De hecho, las fortalezas nunca llegan a derrumbarse. Dios acabó siendo reemplazado por lo que de facto eran nuevos dioses: la Nación, la Clase, la Libertad… El Rey acabó siendo sustituido por lo que era, de hecho, un nuevo soberano por la gracia de Dios: el Pueblo, la Clase Trabajadora, el Individuo Autosuficiente. Siguió diciéndose viva el Rey, muera el mal gobierno: uno ha escuchado decir a estalinistas —uno mismo ha dicho cuando era estalinista— que no era malo Stalin, sino sus consejeros; uno ha escuchado decir a amigos socialistas que no era malo González o incapaz Zapatero, sino arteros o torpes sus ministros. El monarca siempre queda a salvo por más que entre sus responsabilidades también se cuente escoger buenos asesores.
La democracia sustituyó a la teocracia: dios, ahora, se llamaba Pueblo y moraba, no arriba en el cielo, sino a ras de suelo, pero nuestra manera de imaginarlo (de imaginarnos) era la misma. El Pueblo es omnipotente, omnisciente y omnipresente. Y sobre todo es Uno. Som un sol poble. Sería deseable, pero no lo haremos, esto que reflexionaba en Twitter, no hace mucho, Christian Ferreiro, joven sabio, asturiano de Avilés:
«La mil veces mencionada unidad (de clase, de la izquierda, de España, etc.) es un reducto metafísico del que deberíamos desprendernos, y cuanto antes, mejor. El relato de la unidad parte de una supuesta unidad originaria, pura e ideal, pero que, a causa de las circunstancias, se habría resquebrajado y roto en mil pedazos. Normalmente, con circunstancias se suele señalar la mala praxis de los tibios o la moral relajada del rebaño. Ante esto, bastaría con convocar a la sagrada unidad para resolver los conflictos y llegar a la victoria final. Este es un relato fundamentalmente cristiano: “en el principio era el Verbo, y el Verbo se hizo carne”. Y hegeliano: la Idea que es negada por la Naturaleza. La pluralidad es siempre deficitaria, imperfecta, caída; relativa a la unidad originaria. Esto es pura metafísica, y lo sabemos desde hace, al menos, dos siglos. “Dios ha muerto” quiere decir exactamente esto: no hay un fondo, no hay un fundamento, no hay un origen al que volver y gracias al cual todos los problemas actuales se arreglarían. Precisamente por esto siguen siendo vigentes las ideas de Laclau y Mouffe: partir de la pluralidad radical de lo social y su esencial antagonismo. A partir de ahí, y solo a partir de ahí, estaremos en condiciones de articular un proyecto político hacia delante, no hacia atrás».
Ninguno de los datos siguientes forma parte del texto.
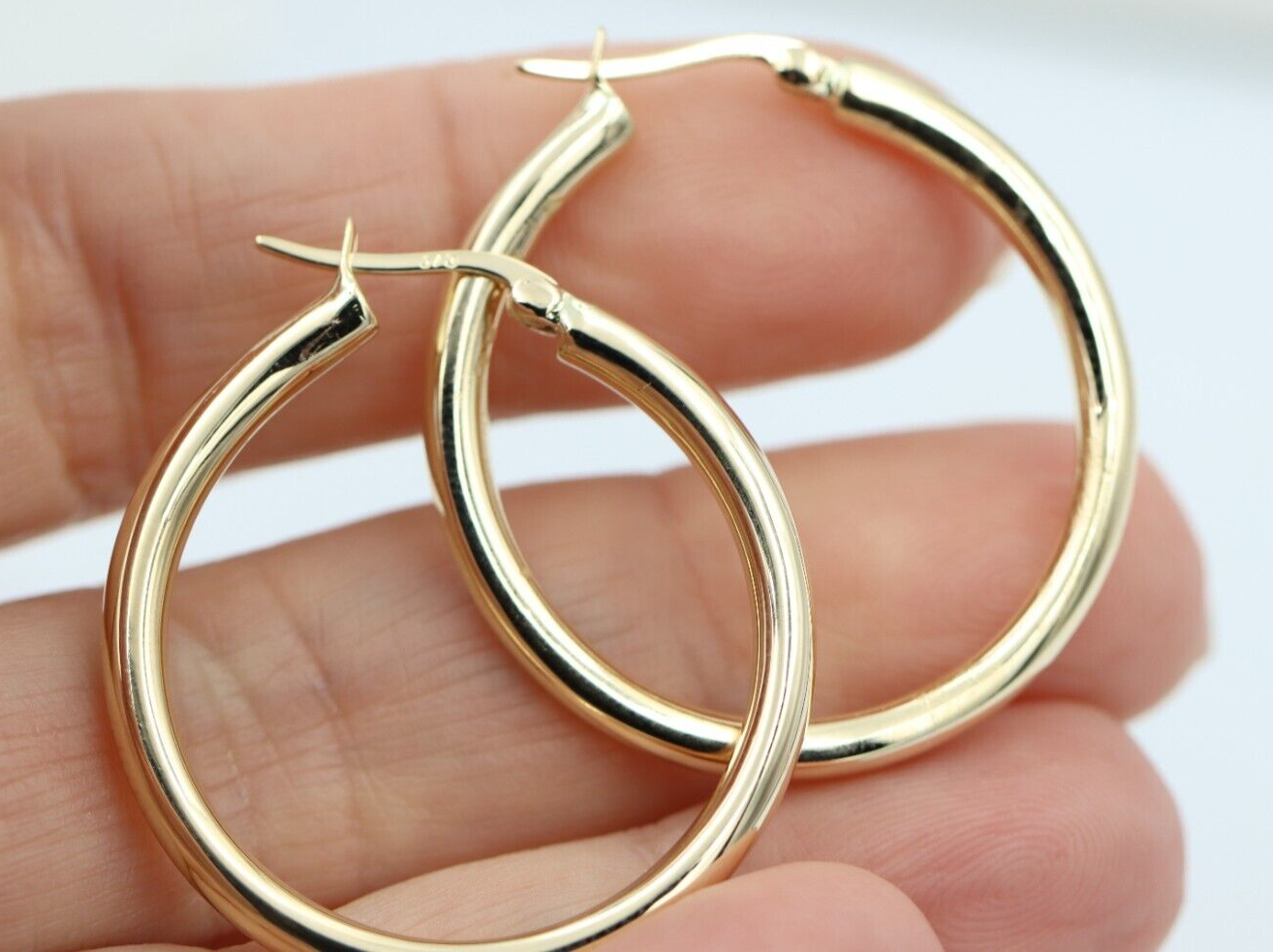 Genuine 9ct Yellow, Rose or White Gold Ball 31mm Hoop Earrings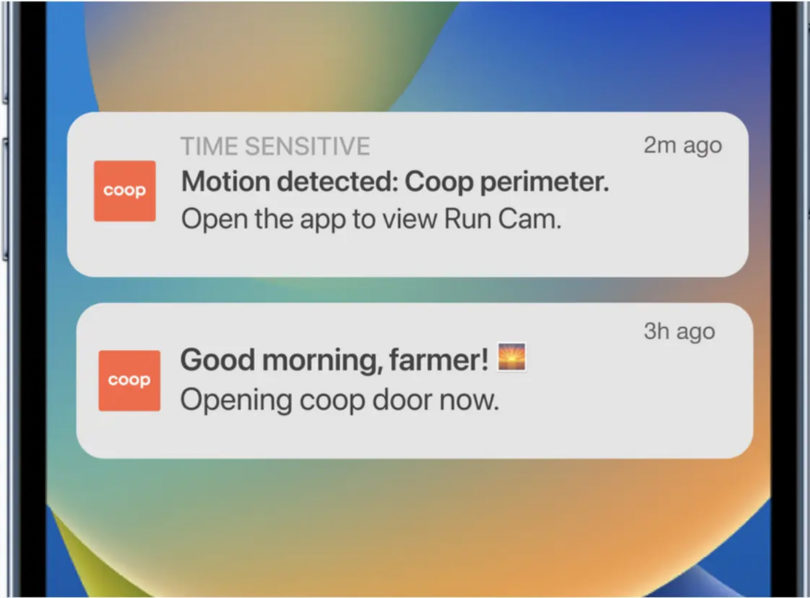 Smartphone screen displaying motion detection and door activity notifications from the smart coop app.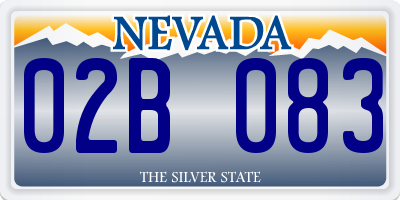 NV license plate 02B083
Nosotros vivimos hoy una era de transición; uno de esos tiempos interesantes contra los que previene un célebre proverbio oriental, y en que se ha vuelto moneda corriente la cita de cierta máxima, famosa también, de Antonio Gramsci: aquella sobre los monstruos que crecen en los claroscuros de la agonía sin muerte del mundo viejo y las contracciones sin parto del mundo nuevo. Nuestros propios significantes maestros comienzan a trastabillar y a anunciar ruina. Pero lo hacen al modo descrito antes: con el Rey contra el Rey, con Dios en contra de Dios. Habitamos el tiempo que ha inventado la democracia iliberal, así descrita en 2014 por Viktor Orbán: «un Estado [… que] no rechaza los principios fundamentales del liberalismo tales como la libertad, y podría listar unos cuantos más, pero [que] no hace de esta ideología el elemento central de la organización del Estado, sino que, en cambio, incluye un enfoque diferente, especial, nacional».
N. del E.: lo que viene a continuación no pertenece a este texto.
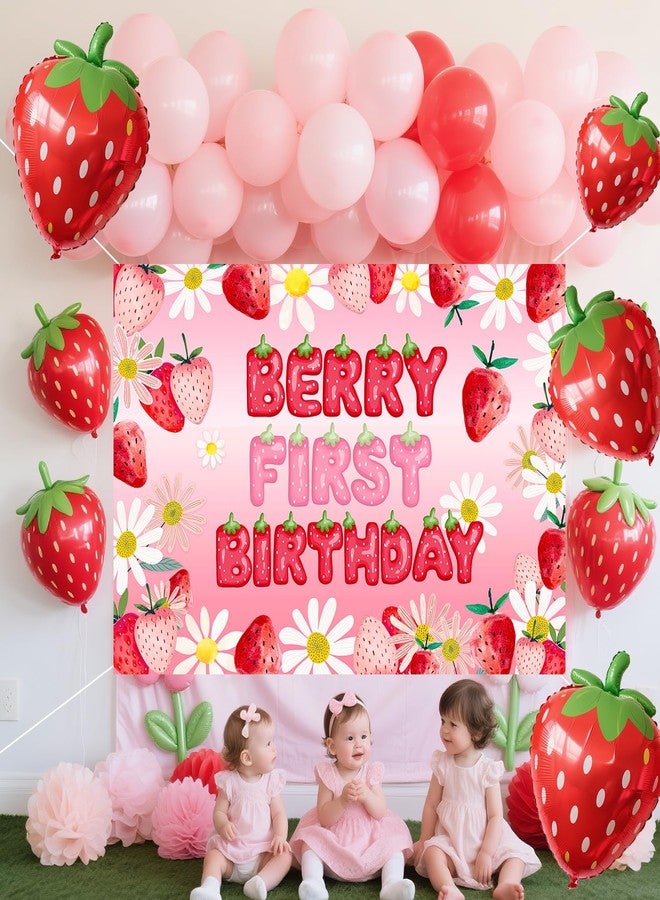 BIGKEOKI Berry First Birthday Decorations Strawberry 1st Bday Backdrop Banner Sweet One Strawberry 1st Party Decor Supplies Strawberry 1st Birthday Decor - Image 5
Solemos tratar al movimiento internacional del cual es Orbán su más esclarecido representante como un regreso, un anhelo o una venganza del pasado. Pero tal vez el pasado seamos nosotros, y el iliberalismo, el torpe balbuceo de las primeras palabras de un futuro antidemocrático con todas las de la ley; los deístas miedosos que precedan a los deicidas del dios de la Democracia; los cautelosos realistas del rey sin poderes que, a no mucho tardar, cedan el paso a los Robespierre de la decapitación del pueblo soberano. Será interesantísimo. Y será horrible.